In the examples folder you'll find benchmarks comparing xgbse to other survival analysis methods. We show 6 metrics (see [9] for details):

  • c-index: concordance index. Equivalent to AUC with censored data.
  • dcal_max_dev: maximum decile deviation from calibrated distribution.
  • dcal_pval: p-value from chi-square test checking for D-Calibration.

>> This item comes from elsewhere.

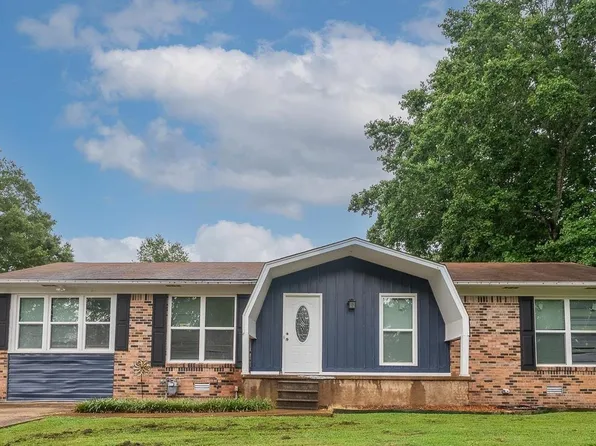 16642 Jay St, Athens, AL 35611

If larger than 0.05 then the model is D-Calibrated.
  • ibs: approximate integrated brier score, the average brier score across all time windows.
  • inference_time: time to perform inference, recorded on a 2018 MacBook Pro.
  • training_time: time to perform training, recorded on a 2018 MacBook Pro.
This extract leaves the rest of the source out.